Commission’s ambition to preserve cultural heritage while delivering the EU green deal still has no clear plan. Some MEPs believe a €500 million Horizon Europe style mission could give it structure
The New European Bauhaus could become a €500 million ‘mission’ funded by the Horizon Europe research programme, according to a European Parliament’s draft opinion.
The European Commission announced the new Bauhaus initiative in 2020 in a bid to mesh its green policies with the preservation of Europe’s cultural heritage. It was envisioned as a European-wide movement inspiring innovators, artists and researchers to rethink public, private and work spaces in line with EU’s net-zero ambitions.
After an initial announcement of the Bauhaus in 2020, the Commission put flesh on the plans in September 2021, allocating €85 million to the initiative, including €25 million for five demonstrator projects.
But it is due to start in 2023 and there’s no more clear plan or funding for the new Bauhaus. The Parliament believes money, not just political backing, should be on the table.
“While we all welcome the new Bauhaus initiative, most of us would agree that the concept is not yet clear enough,” MEP Christian Ehler, co-rapporteur for the file, said during a Parliament committee debate this week. “The New European Bauhaus initiative has to be more concrete in order to be successful.”
The MEPs in Parliament’s culture and research committees want to see a clear plan. Their draft report envisions it in the form of a Horizon Europe mission, a new type of research programme introduced last year that aims to give impetus to innovations tackling pressing societal challenges.
The mission should be introduced to Horizon Europe legislation during its mid-term review, set to take place no later than in 2024, with a budget of €500 million, according to the Parliament’s draft report.
There are already five Horizon Europe missions that launched last year in hopes to beat cancer, save the world’s oceans and soils, and lead cities to climate neutrality and adaptation. The five missions have a €1.9 billion two-year plan which will grow if they prove to be successful.
Looking at the next EU budget, which starts in 2027, the MEPs are set to call for a separate programme for the New European Bauhaus, with its own funding and structure. But the Parliament warns it must not come at the expense of existing EU programmes for research, education and culture. “We want fresh money which doesn’t take away money and resources from other projects,” said Marcos Ros Sempere, co-rapporteur on the file.
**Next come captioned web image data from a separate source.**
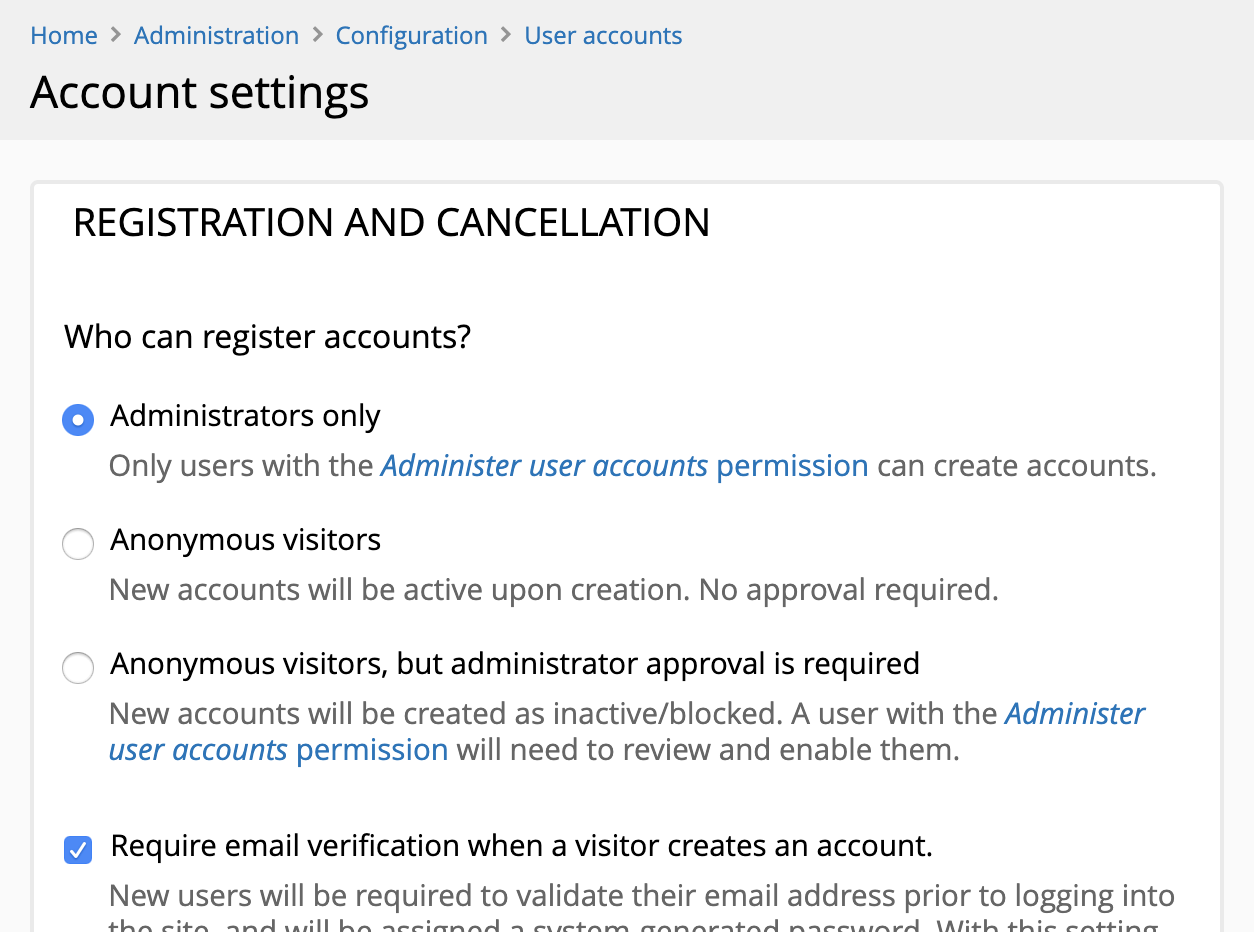 [UX] Account settings: Improve labels and add help text to the various ...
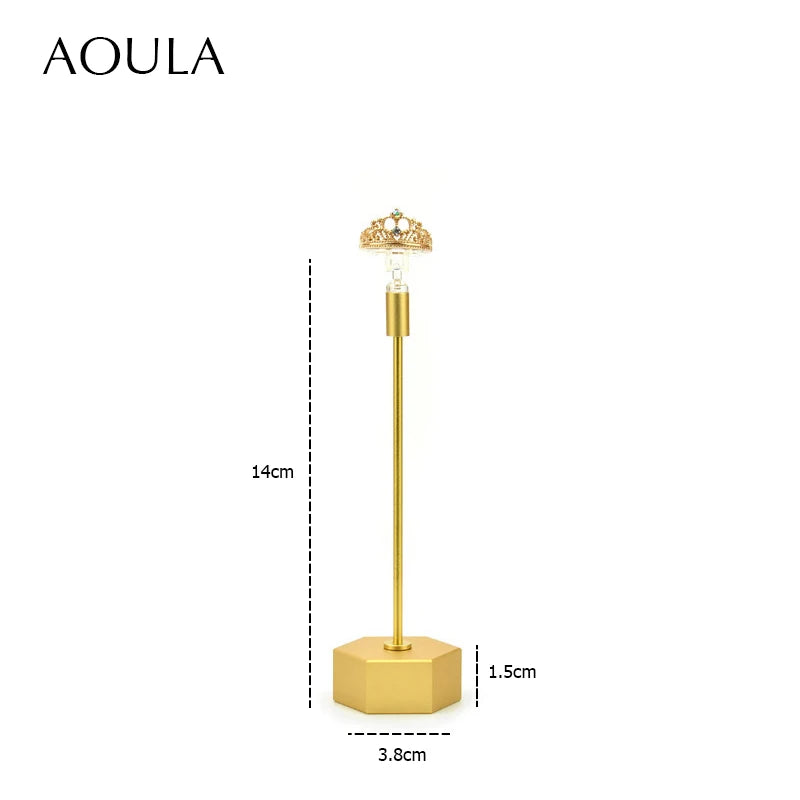 Luxury Dangle Earrings Display Metal Rack T Bar Stand Ring Jewelry Hanger Organizer Ear Studs Storage Holder Shelf Store Selling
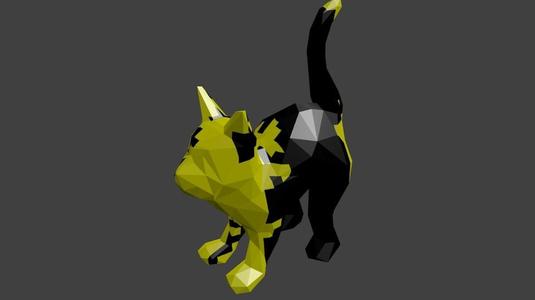Customizable Brownian Noise Cat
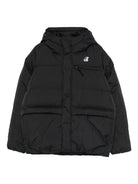 Giubbino Le Vrai 4.0 Aurele per bambini K - Way Kids nero con chiusura frontale nascosta - Rubino Kids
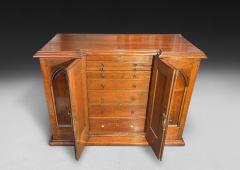 19th Century Gothic Oak Collectors Cabinet - 4764038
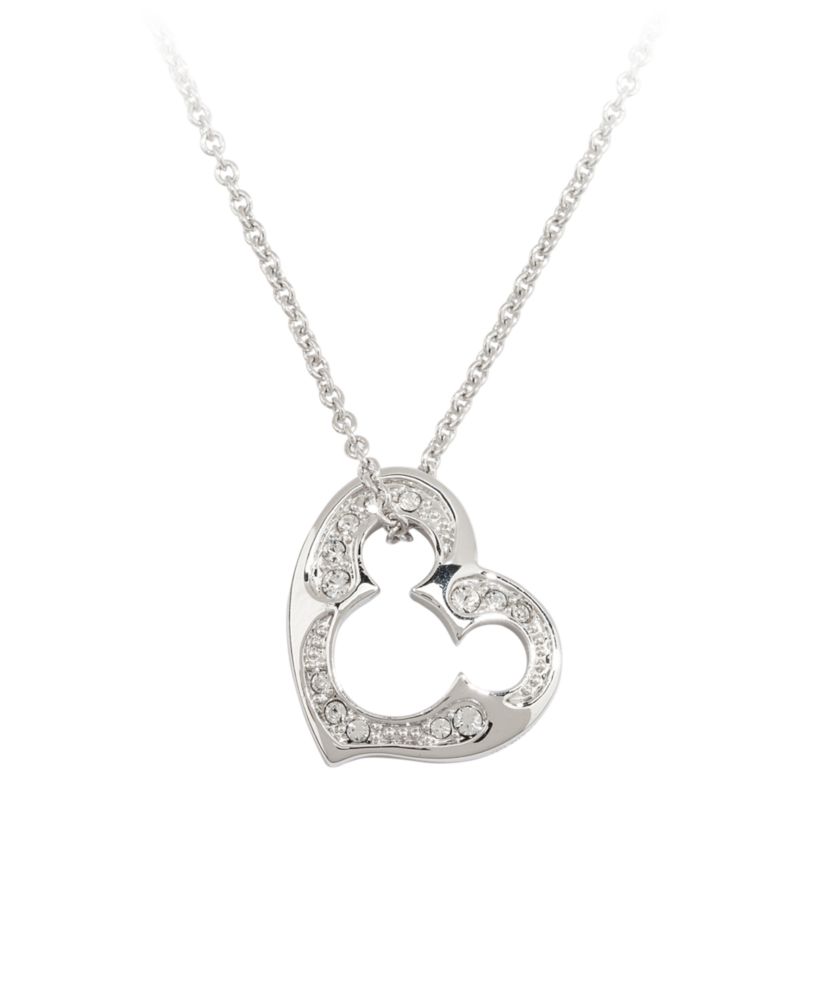 Mickey Mouse Icon Heart Necklace by Arribas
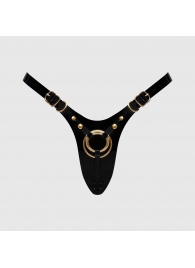 Черный пояс для фиксации насадок Strap-On-Me Leatherette Harness Fabulous - Strap-on-me - купить с доставкой в Туле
The MEPs’ also want to see a clear definition of what counts as a New European Bauhaus project and what doesn’t. Ros says the report has laid out the groundwork for this but called on his fellow MEPs to enrich it when proposing amendments to the report.
The draft report is the work of the Parliament’s two committees, Culture and Education and Industry, Research and Energy. It will face votes in the two committees, followed by a vote in the Parliament’s plenary. If successful, the final report will call on the European Commission and member states to take action on delivering the new Bauhaus, but it won’t be binding.